Mentioned in our despatches
Mentioning young Churchill in despatches, his commander wrote: “He made himself useful at a critical moment.” Nigel arrived at one of those periodic crises of the Old Guard. The UK Branch had unexpectedly lost its chairman, and was at a loss over whom to send for. Celia Sandys had the answer: a retired Army colonel. We expected a severe taskmaster, perhaps even an officious mandarin. We found instead a warm-hearted collaborator and devotee of the Churchill saga. Unlike some, his support never wavered—a “foul weather friend,” as Churchill said.

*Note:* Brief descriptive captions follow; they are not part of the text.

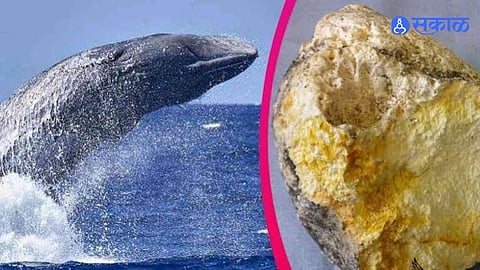 Whale Vomit Worth Four Point Five Crore Seized in Sangli Ambergris Smuggling Suspect From Kolhapur Trader From Sindhudurg
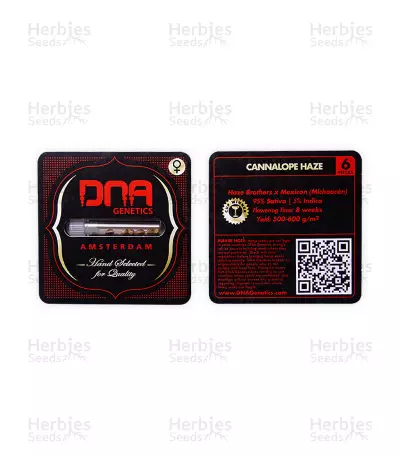 Canalope Haze feminized seeds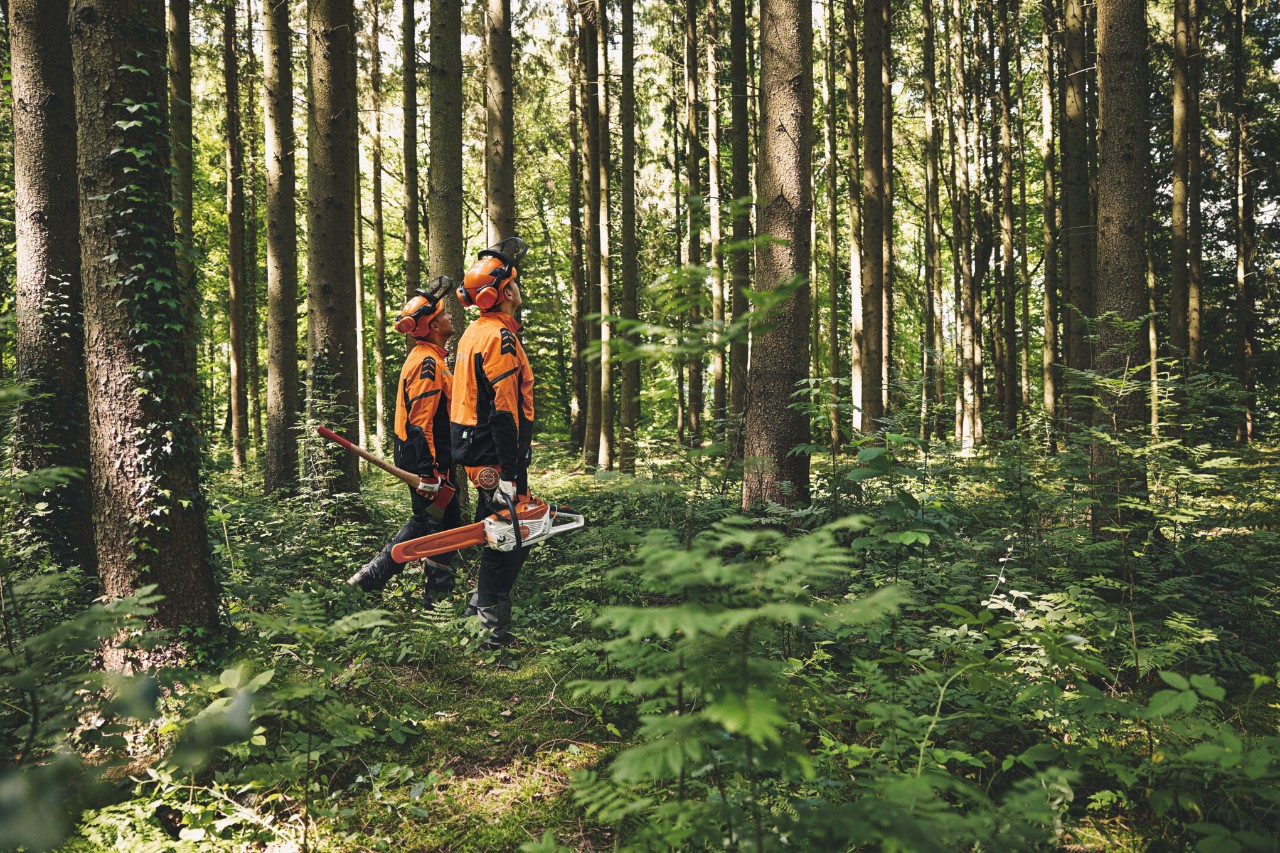 История на STIHL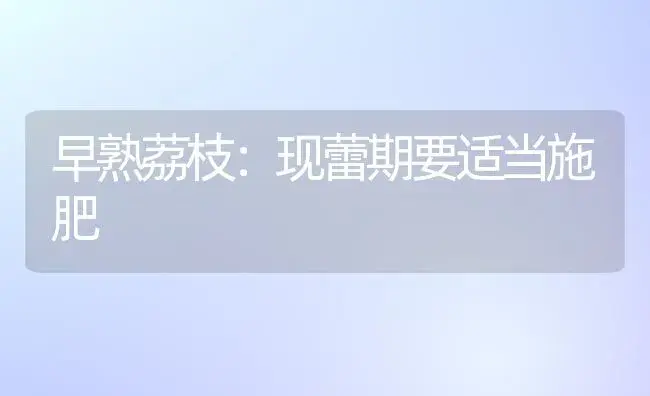 黑皮南瓜1号 | 植物百科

Nigel paid his first call on us in New Hampshire in 1998, joining us for a sailing cruise on Lake Sunapee. Given the helm of a strange boat in a stiff breeze, he pranged the pier. He never ceased apologizing, even years later, for a minor bump that would have been worse if I’d had the tiller! A few years later we visited Angela and Nigel in their beautiful Wiltshire village. We walked leafy lanes and green meadows with his Springer spaniels and conjured Churchill events to come.
Nigel’s greatest triumph was the 12th Churchill Tour, “Normandy to Berlin,” in 2004. With the same attention to detail that endeared him to the Omani Armed Forces, Nigel laid out the operation. He and 40 partners including Lady Soames waded the beaches of Normandy and followed the route of the Allied armies to Potsdam. There they visited the site of the Potsdam Conference, welcomed at the “pink house” where Churchill stayed. Grand memories.
“One mark of a great man,” Churchill said…
“is the power of making lasting impressions upon people he meets.” Nigel Knocker had that power—accompanied by a wit and dry humour that endeared him to us all. I remember our debating what to do with a certain board member who had become a burden. “You have to admit, Nigel, she’s in London, connected by a line in your organisation chart.” “Perhaps,” quipped the Colonel, “we could just make that a dotted line….”
Those who didn’t work closely with him and saw only the successful results may have missed the qualities of sound opinion and judgement he brought to our deliberations. But qualities which lay behind we closely understood. Churchill’s words on his best friend, F.E. Smith, Lord Birkenhead, will always remind me of Nigel Knocker. He’d blanche to hear this applied to him, but he has it coming:
His close friends, and certainly I, acclaimed him for what he was…a gay, brilliant, loyal, lovable being…. We met and talked on innumerable occasions; never did I separate from him without having learnt something, and enjoyed myself besides. F.E was always great fun; but more than that he had a massive common sense and a sagacious comprehension which made his counsel invaluable…. He had all the canine virtues in a remarkable degree—courage, fidelity, vigilance, love of the chase…. Man of the world, man of affairs, adept at the written or spoken word, book-lover—there were few topics in which he was not interested, and whatever attracted him, he could expound and embellish.
The hearts of his friends
And Nigel too deserves Churchill’s final accolade: “Some men when they die after busy, toilsome, successful lives leave a great stock of scrip and securities, of acres or factories or the goodwill of large undertakings.” He “banked his treasure in the hearts of his friends, and they will cherish his memory till their time is come.”
2 thoughts on “Nigel Bedingfield Knocker OBE 1930-2023: He Answered the Call”
From Angela Knocker:
Thank you so much, I feel very humbled and proud, you have written such a touching tribute and I have sent it on to the rest of family. So many happy times and I know his involvement with the Churchill Centre meant a lot to him, a very special time in his life. He felt very honoured to be asked to be chairman, thank you again for taking the trouble to write it.
Your article on Nigel Knocker brought back great memories of our times together with our Churchill Centre friends. Nigel’s tour terminating in Berlin was most memorable.